Reeves’s character relates that he is afraid of “quicksand” and offers up the following explanation.
“You’re playing, and you think everything’s going fine, but then one thing goes wrong … and another … and another … and you try to fight back, but the harder you fight, the deeper you sink … until you can’t move … you can’t breathe … because you’re in over your head. Like quicksand.”
That line from the movie perfectly describes the New York Rangers in the third period of Game 4. The harder they tried to free themselves from the Capitals “quicksand”, the depper they sank in it.
You got the feeling that once Washington tied the game at 12:07; Game 4 instantly went into overtime mode with the next goal being the winner even if it were in regulation time. It is in those types of situations where Washington’s skill level trumps the Rangers. You knew it was going to take some sort of fluky goal to win the game for the Blueshirts. In the end, it was the Capitals who scored the fluky goal.
On the plus side, two Ranger free agents to be stepped up their play and definitely earned contracts for next season. Ruslan Fedotenko has drawn much praise from Coach John Tortorella for his style of play and his potential to bring to the lineup the same attributes that Ryan Callahan brings to the table. His contributions on the second and third goals were as important as goal scorers Marian Gaborik and Brandon Dubinsky.
Matt Gilroy stepped up his play offensively and defensively and showed a physical side to his play early in the game. I am not sure if the Rangers will be able to fit him into the salary cap or how his return could affect Michael Del Zotto, but Gilroy elevated his game in the biggest game of his NHL career.

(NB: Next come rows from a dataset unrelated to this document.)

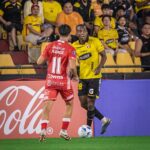 Barcelona SC cae en el Monumental y queda obligado a remontar ante Argentinos Jrs. en La Paternal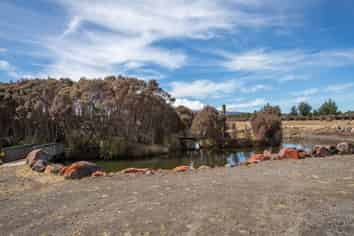 8 Mead Lane, Horopito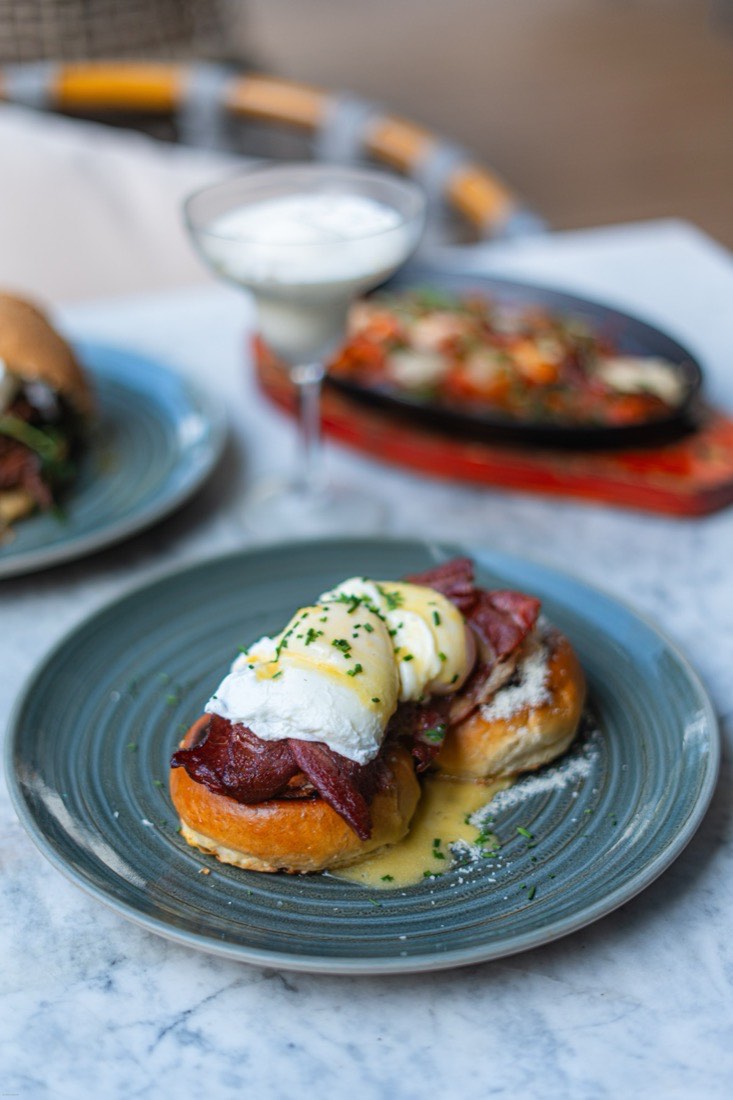 Eggs benedict on a brioche bun at Papparoti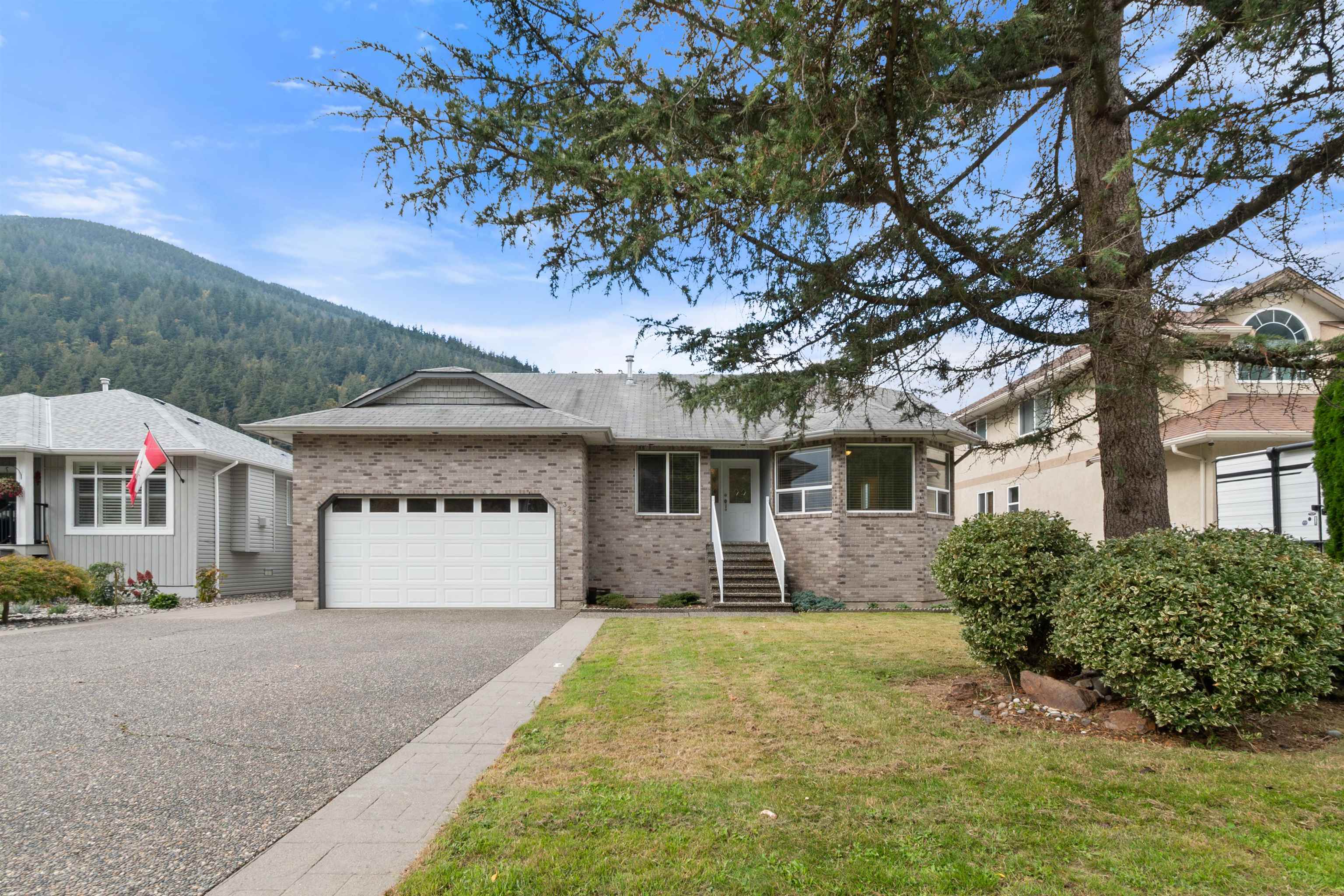 322 MIAMI RIVER DRIVE, Harrison Hot Springs BC V0M 1K0, R3078203, BC,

Of course what can you say about Henrik Lundqvist? His glove save on Alexander Ovechkin about midway through the first overtime was the only reason the game even went to double overtime – despite battling cramps in the overtime periods.
As they approach Game 5, the Rangers just need to reflect back to the last couple of weeks and how they responded when faced with big games – the back-to-back wins against Boston and Philadelphia, the Game 82 victory against New Jersey and Sunday afternoon’s playoff win against Washington.
The Blueshirts should not put Game 4 behind them. Rather, they should embrace it as an example of what good they can accomplish when they are on their game and it should serve as an example of what can go wrong when they deviate from their game plan.